Wang Jianhua, Leclercq Isabelle, Brymora Joanne M, Xu Ning, Ramezani-Moghadam Mehdi, London Roslyn M, Brigstock David, George Jacob
Storr Liver Unit, Westmead Millennium Institute, University of Sydney and Westmead Hospital, Westmead, Australia.
Gastroenterology. 2009 Aug;137(2):713-23. doi: 10.1053/j.gastro.2009.04.011. Epub 2009 Apr 16.
BACKGROUND & AIMS: Leptin has profibrogenic effects in liver, although the mechanisms of this process are unclear. We sought to elucidate the direct and indirect effects of leptin on hepatic stellate cells (HSCs).
HSCs from Sprague-Dawley rats were exposed to leptin and expression of collagen-I, tissue inhibitor of matrix metalloproteinases-1 (TIMP1), transforming growth factor beta1 (TGF-beta1), and connective tissue growth factor (CTGF/CCN2) was assessed. The effects of medium from Kupffer cells (KCs) and sinusoidal endothelial cells (SECs) following leptin were evaluated in HSCs; alpha-smooth muscle actin (alphaSMA) production and KC signaling were analyzed.
HSCs were not activated by incubation with leptin. However, HSCs cultured with medium taken from KCs that were incubated with leptin had increased expression of collagen I, TIMP1, TGF-beta1, and CTGF/CCN2, as well as alphaSMA protein levels and proliferation. These effects were leptin receptor dependent because conditioned medium from KCs isolated from leptin receptor-deficient Zucker (fa/fa) rats did not activate HSCs. In KCs incubated with leptin, messenger RNA and protein expression of TGF-beta1 and CTGF/CCN2 increased. Leptin potentiated signal transducer and activator of transcription 3, AKT, and extracellular signal-related kinase 1/2 phosphorylation in KCs and increased AP-1 and nuclear factor-kappaB DNA binding. Finally, addition of anti-TGF-beta to KC-conditioned medium inhibited HSC expression of collagen I, TIMP1, and CTGF/CCN2, whereas signal transducer and activator of transcription 3 inhibitor attenuated TGF-beta1 production by KC.

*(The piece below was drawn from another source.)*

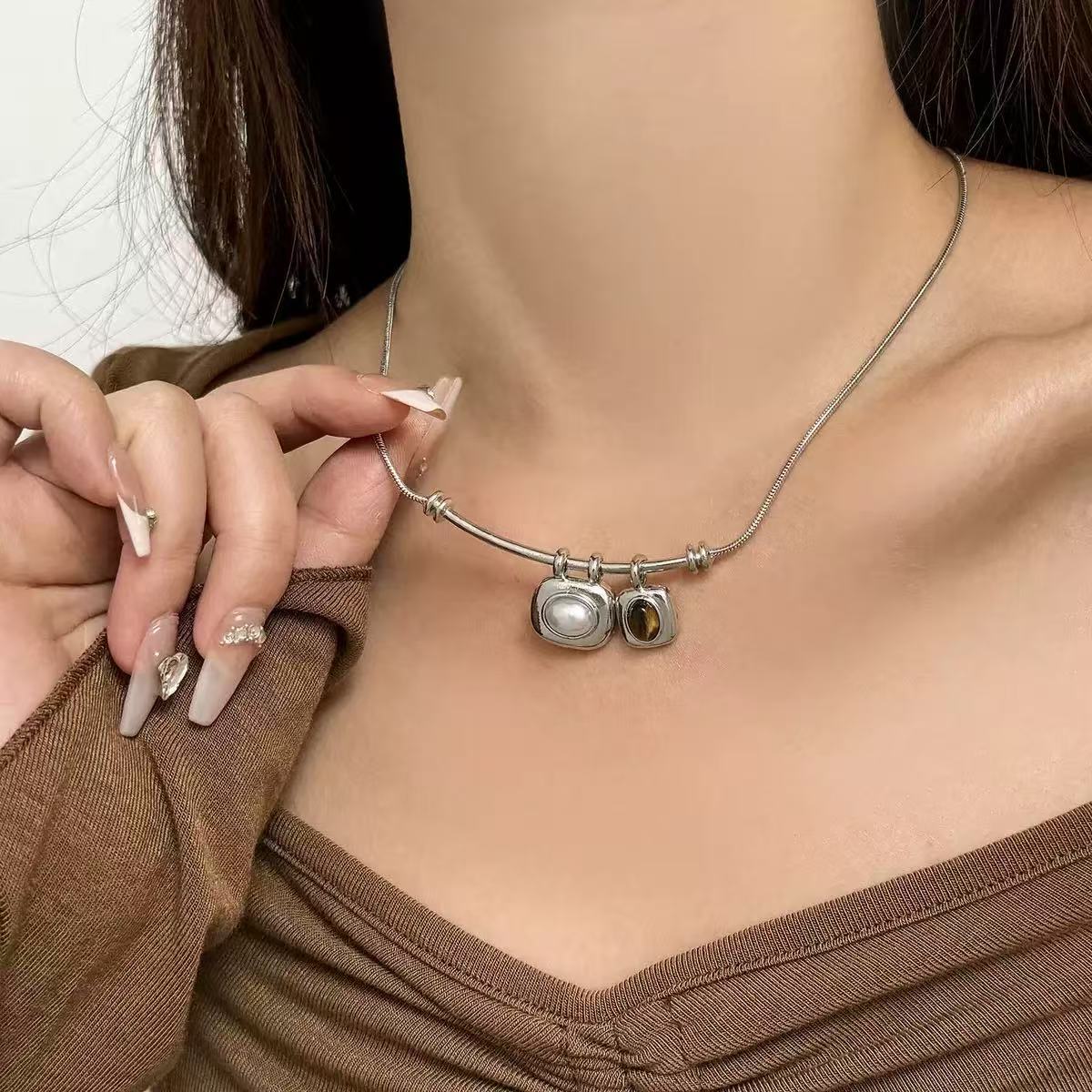 Titanium Steel Pendant Necklace for Women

Leptin mediates HSC activation and liver fibrosis through indirect effects on KC; these effects are partly mediated by TGF-beta1.
瘦素在肝脏中具有促纤维化作用,但其作用机制尚不清楚。我们试图阐明瘦素对肝星状细胞(HSC)的直接和间接作用。

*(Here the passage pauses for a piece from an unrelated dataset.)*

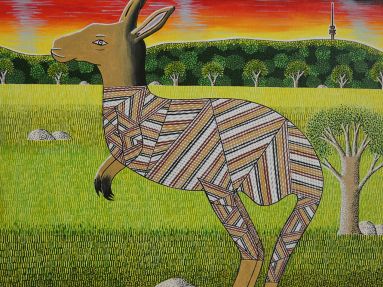Kangaroo at Sunrise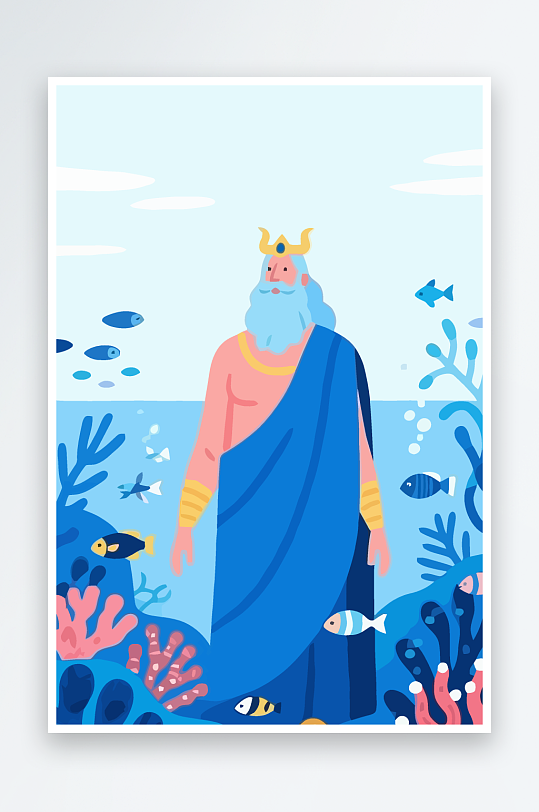 西方神话人物插画元素-众图网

将来自Sprague-Dawley大鼠的HSC暴露于瘦素中,评估I型胶原、基质金属蛋白酶组织抑制剂-1(TIMP1)、转化生长因子β1(TGF-β1)和结缔组织生长因子(CTGF/CCN2)的表达。评估瘦素处理后库普弗细胞(KC)和窦状内皮细胞(SEC)的培养基对HSC的影响;分析α平滑肌肌动蛋白(αSMA)的产生和KC信号传导。
HSC与瘦素孵育后未被激活。然而,用与瘦素孵育的KC培养基培养的HSC,其I型胶原、TIMP1、TGF-β1和CTGF/CCN2的表达增加,αSMA蛋白水平和增殖也增加。这些作用依赖于瘦素受体,因为从瘦素受体缺陷的Zucker(fa/fa)大鼠分离的KC的条件培养基不能激活HSC。在与瘦素孵育的KC中,TGF-β1和CTGF/CCN2的信使核糖核酸和蛋白质表达增加。瘦素增强了KC中信号转导和转录激活因子3、AKT以及细胞外信号调节激酶1/2的磷酸化,并增加了AP-1和核因子κB的DNA结合。最后,向KC条件培养基中添加抗TGF-β可抑制HSC中I型胶原、TIMP1和CTGF/CCN2的表达,而信号转导和转录激活因子3抑制剂可减弱KC产生的TGF-β1。
瘦素通过对KC的间接作用介导HSC激活和肝纤维化;这些作用部分由TGF-β1介导。